思い切り伸びをする七緒の隣で、虎徹が冷静に言った。


「一日目が、の」

「テツくん! 何をお言いでいらっしゃいますか!」


七緒が詰め寄る。


「今日はねー、英語と数学があるというね! とても意地の悪い日だったんですよ!」

「ほうかほうか」


さすがにひと月も暮らしていれば、扱いも慣れてくる。近づいた顔を押し戻して、虎徹は帰り支度を始めた。


「テツくん冷たいー」

「おめえ、昨日ずっとドタバタしとったじゃろ。

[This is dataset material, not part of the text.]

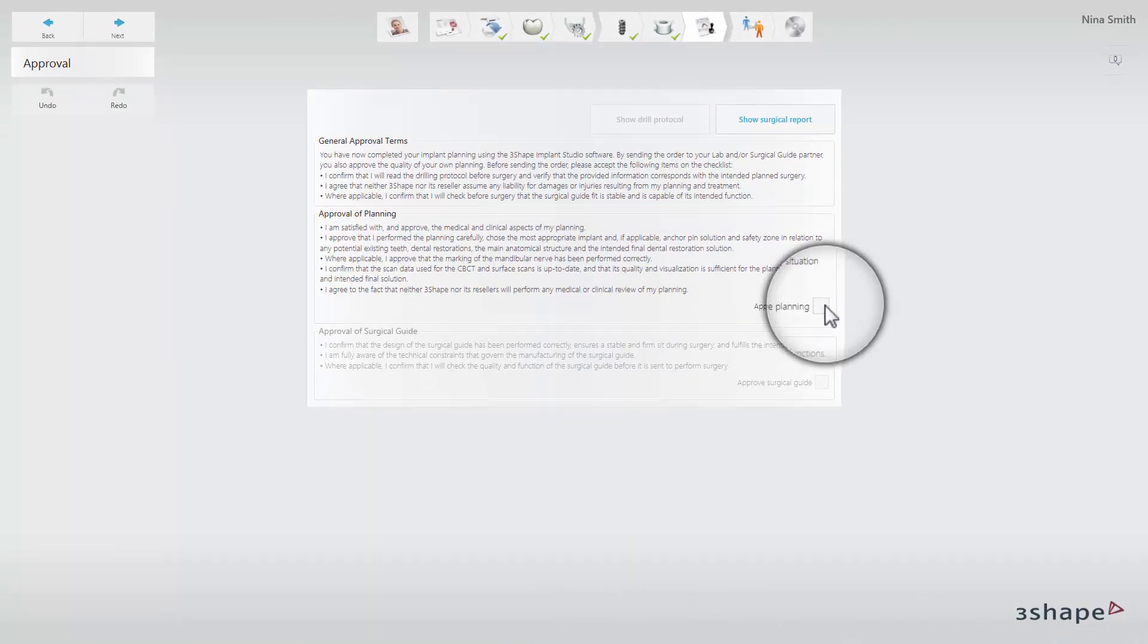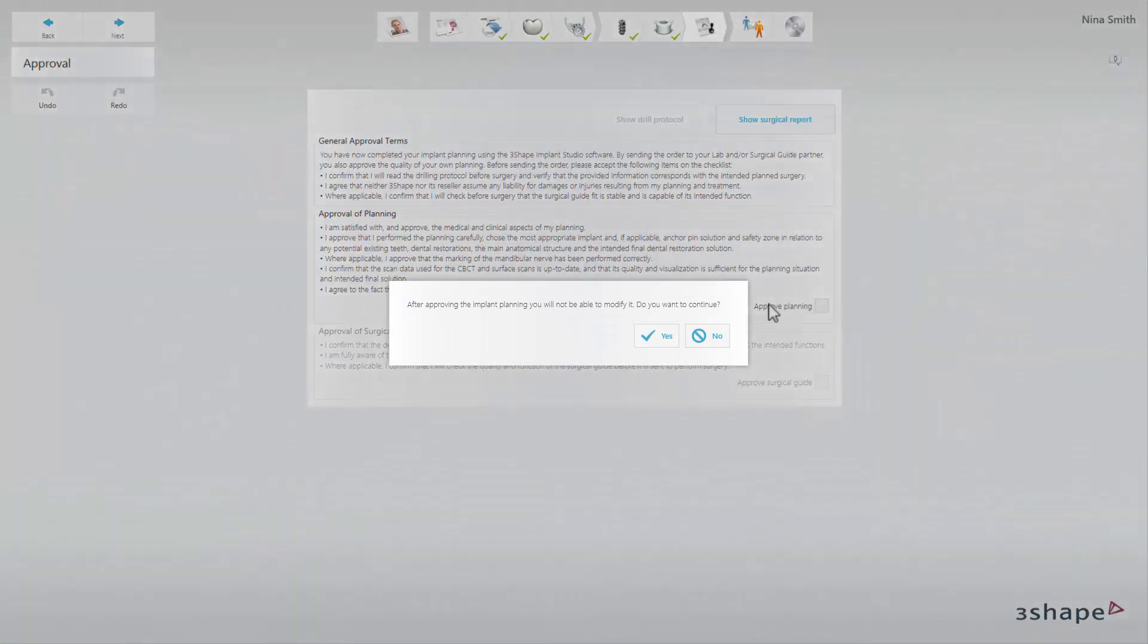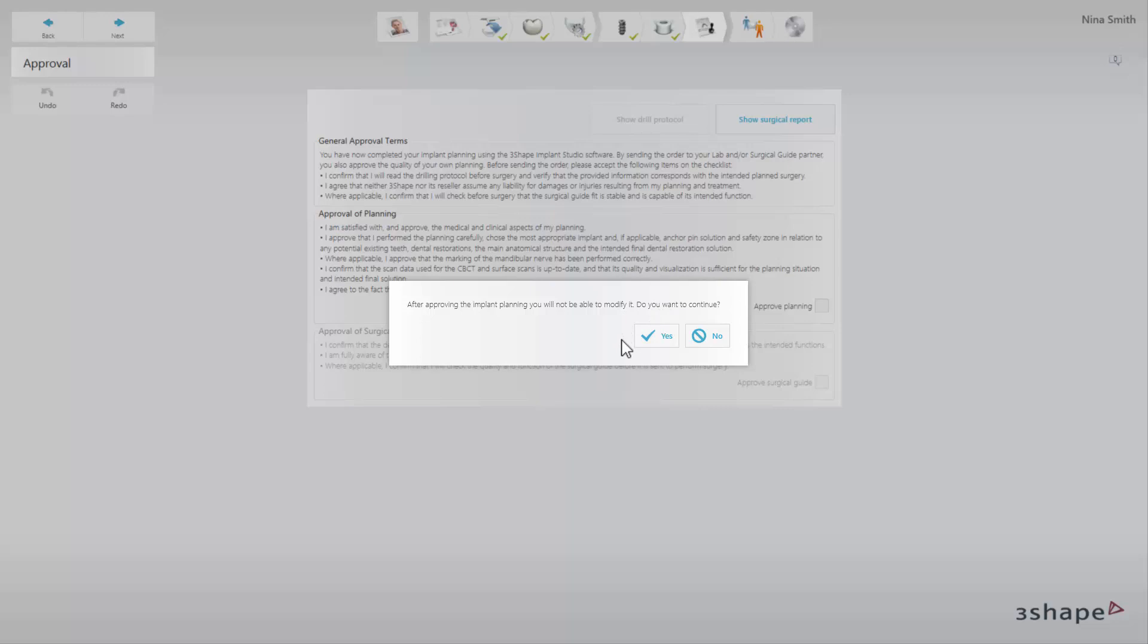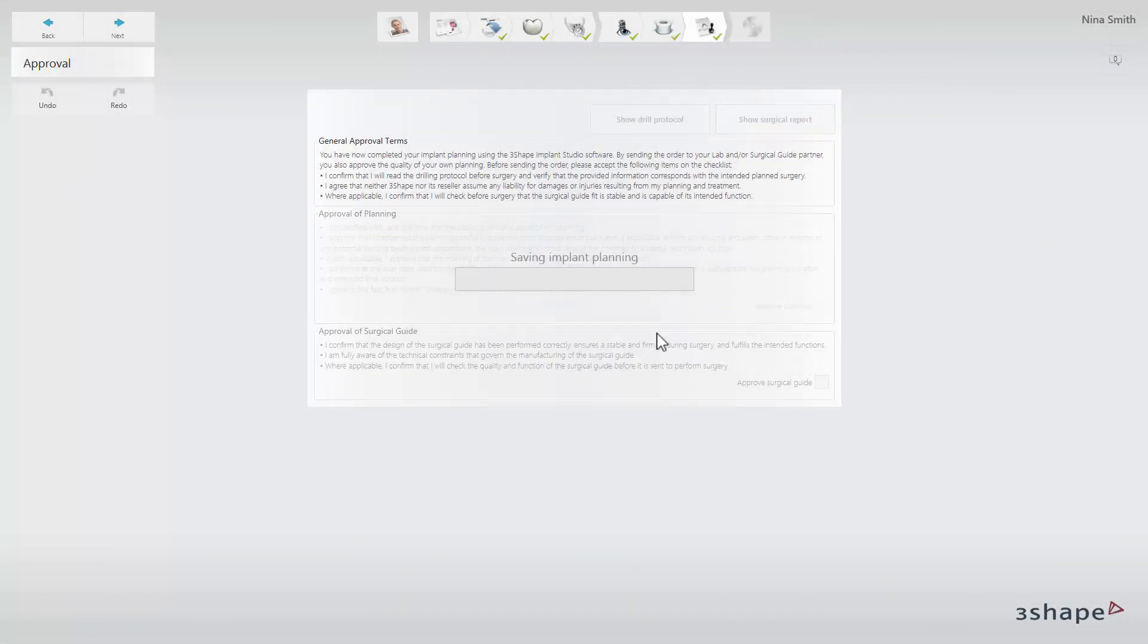By clicking the approval checkboxes, a warning message will appear informing you that after the approval you will not be able to edit the implant planning or surgical guide design. Click Yes to approve.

おかげで寝不足じゃ」

「だってナオがさぁ」


苦手科目の集まる一日目が終わった解放感からか、七緒のテンションは高い。

しかし、視界の端に、帰ろうとする優子を見つけて、思いだしたように声を上げた。


「あっ、優子ちゃん」


振り返った優子の元へ駆けてゆくと、七緒はにっこり笑った。


「おかげで単語と問3完璧だったよ! 名詞変わってただけだもんね!」

「あ、本当? 良かった。あと問4はひとつ、」


例文そのまま! と二人が声を合わせて、それからにこにこ笑う。


「役に立ったみたいで良かった」

「本当ありがとうねぇ。そんで、あのね、もうやってたらあれなんだけど」


そういうと、七緒は、制服のポケットを探って、それから「待ってて!」と自分の席に戻り、机の中を探った。そして、一枚紙を見つけ出すと、ばたばたと優子の元へ行く。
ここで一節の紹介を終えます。